CSA’s Zero Trust guidance is also relevant: QLNX’s effectiveness depends in part on the implicit trust that Linux systems extend to authenticated sessions and to processes bearing known-good names. Zero Trust principles applied to developer workstations—continuous behavioral verification, micro-segmentation of development environments, and least-privilege scoping of credentials—reduce the value of any single compromised workstation by limiting lateral movement and credential scope [8]. Organizations implementing Zero Trust architectures for their AI development environments are materially better positioned against QLNX-class threats than those relying on perimeter security and endpoint agent detection alone.

Finally, CSA’s STAR program provides a framework for assessing the security posture of cloud providers and AI platform vendors that supply infrastructure credentials to developer workstations.
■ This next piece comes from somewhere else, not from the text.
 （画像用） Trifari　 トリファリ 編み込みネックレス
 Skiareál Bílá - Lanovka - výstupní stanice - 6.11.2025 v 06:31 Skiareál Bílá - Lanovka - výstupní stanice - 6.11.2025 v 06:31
Organizations can leverage STAR assessments to evaluate whether their cloud AI service providers implement credential hygiene and anomaly detection controls consistent with the threat landscape described here.

References

[1] Zahravi, Aliakbar, and Ahmed Mohamed Ibrahim. “Quasar Linux (QLNX) – A Silent Foothold in the Supply Chain: Inside a Full-Featured Linux RAT With Rootkit, PAM Backdoor, Credential Harvesting Capabilities.” Trend Micro Research, May 2026.

[2] Kovacs, Eduard. “Sophisticated Quasar Linux RAT Targets Software Developers.” SecurityWeek, May 2026.

[3] Evenden, Ian, and Ruben Circelli. “LiteLLM and Telnyx compromised on PyPI: Tracing the TeamPCP supply chain campaign.” Datadog Security Labs, March 2026.

[4] LiteLLM Project. “Security Update: Suspected Supply Chain Incident.” LiteLLM Documentation, March 2026.

[5] Toulas, Bill. “New stealthy Quasar Linux malware targets software developers.” BleepingComputer, May 5, 2026.

[6] Cloud Security Alliance. “Agentic AI Threat Modeling Framework: MAESTRO.” CSA AI Safety Initiative, February 2025.

[7] Cloud Security Alliance. “AI Controls Matrix.” CSA, 2025.

[8] Cloud Security Alliance. “Zero Trust Guidance for Critical Infrastructure.” CSA, 2024.